Reputation: 199
As in the following example, I encountered an unusual error when using async Generator.
async def demo():
async def get_data():
for i in range(5): # loop: for or while
await asyncio.sleep(1) # some IO code
yield i
datas = get_data()
await asyncio.gather(
anext(datas),
anext(datas),
anext(datas),
anext(datas),
anext(datas),
)
if __name__ == '__main__':
# asyncio.run(main())
asyncio.run(demo())
Console output:
2022-05-11 23:55:24,530 DEBUG asyncio 29180 30600 Using proactor: IocpProactor
Traceback (most recent call last):
File "E:\workspace\develop\python\crawlerstack-proxypool\demo.py", line 77, in <module>
asyncio.run(demo())
File "D:\devtools\Python310\lib\asyncio\runners.py", line 44, in run
return loop.run_until_complete(main)
File "D:\devtools\Python310\lib\asyncio\base_events.py", line 641, in run_until_complete
return future.result()
File "E:\workspace\develop\python\crawlerstack-proxypool\demo.py", line 66, in demo
await asyncio.gather(
RuntimeError: anext(): asynchronous generator is already running
Situation description: I have a loop logic that fetches a batch of data from Redis at a time, and I want to use yield to return the result. But this error occurs when I create a concurrent task.

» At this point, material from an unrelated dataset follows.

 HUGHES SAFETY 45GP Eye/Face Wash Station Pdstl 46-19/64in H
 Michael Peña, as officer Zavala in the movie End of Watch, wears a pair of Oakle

Is there a good solution to this situation? I don't mean to change the way I'm using it now, but to see if I can tell if it's running or something like a lock and wait for it to run and then execute anext.
Maybe my logic is not reasonable now, but I also want to understand some critical language, let me realize the seriousness of this.
Thank you for your help.
Upvotes: 7
Views: 4369
Reputation: 1462
Async generators suit badly for a parallel consumption. See my explanations below. As a proper workaround, use asyncio.Queue
for the communication between producers and consumers:
queue = asyncio.Queue()
async def producer():
for item in range(5):
await asyncio.sleep(random.random()) # imitate async fetching
print('item fetched:', item)
await queue.put(item)
async def consumer():
while True:
item = await queue.get()
await asyncio.sleep(random.random()) # imitate async processing
print('item processed:', item)
await asyncio.gather(producer(), consumer(), consumer())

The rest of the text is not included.